DCAF Core¶
DCAF Core provides a simple, Pythonic API for building AI agents with tool calling and human-in-the-loop approval.
Quick Start¶
from dcaf.core import Agent, ChatMessage
from dcaf.tools import tool
# 1. Define a tool
@tool(description="List Kubernetes pods")
def list_pods(namespace: str = "default") -> str:
"""List pods in a namespace."""
return kubectl(f"get pods -n {namespace}")
@tool(requires_approval=True, description="Delete a pod")
def delete_pod(name: str, namespace: str = "default") -> str:
"""Delete a pod. Requires approval."""
return kubectl(f"delete pod {name} -n {namespace}")
# 2. Create an agent
agent = Agent(tools=[list_pods, delete_pod])
# 3. Run it with messages
response = agent.run(messages=[
ChatMessage.user("What pods are running?
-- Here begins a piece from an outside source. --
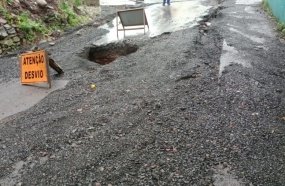 Chuvas rompem trecho em obras e abrem cratera na Rua Carlos Gomes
Delete any failing ones.")
])
# 4. Handle approvals
if response.needs_approval:
for pending in response.pending_tools:
print(f"Approve {pending.name}? {pending.input}")
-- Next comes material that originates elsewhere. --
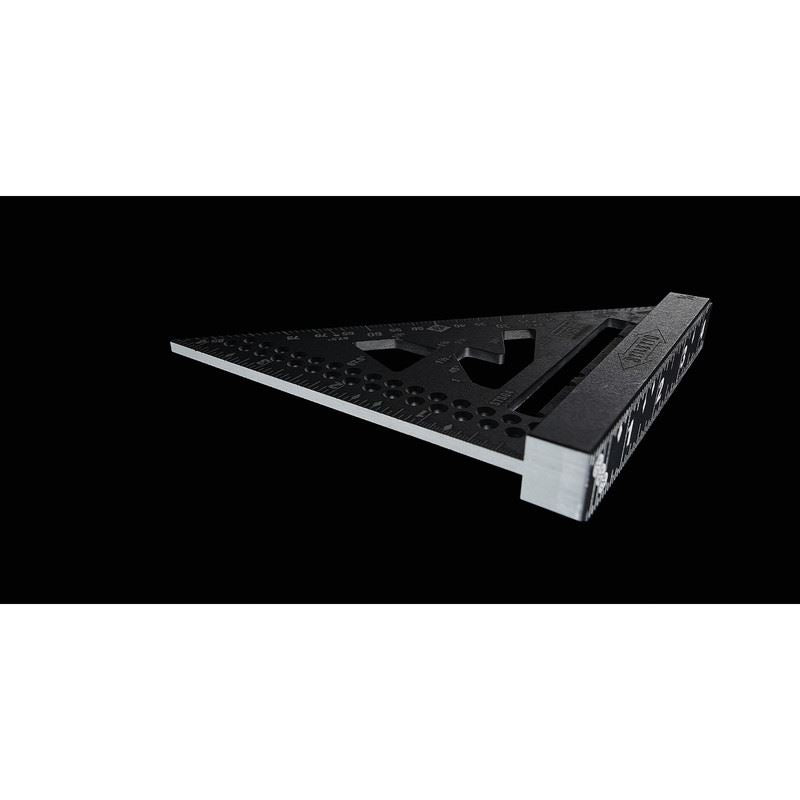 STILETTO STSQ4 4 - 1/2 4in Trim Square - Mississauga Hardware Centre Inc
# Approve all and continue
response = response.approve_all()
print(response.text)
Key Features¶
| Feature | Description |
|---|---|
| Simple API | One class (Agent) for most use cases |
| Tool Calling | Easy decorator-based tool definitions |
| Human-in-the-Loop | Built-in approval flow for dangerous operations |
| HelpDesk Compatible | Full compatibility with DuploCloud HelpDesk protocol |
| Event Hooks | Subscribe to events for logging, notifications |
| Framework Agnostic | Swap LLM providers without code changes |
The Agent Class¶
The Agent class is the main entry point:
agent = Agent(
tools=[...], # List of tools the agent can use
model="anthropic.claude-3-sonnet", # LLM model (optional)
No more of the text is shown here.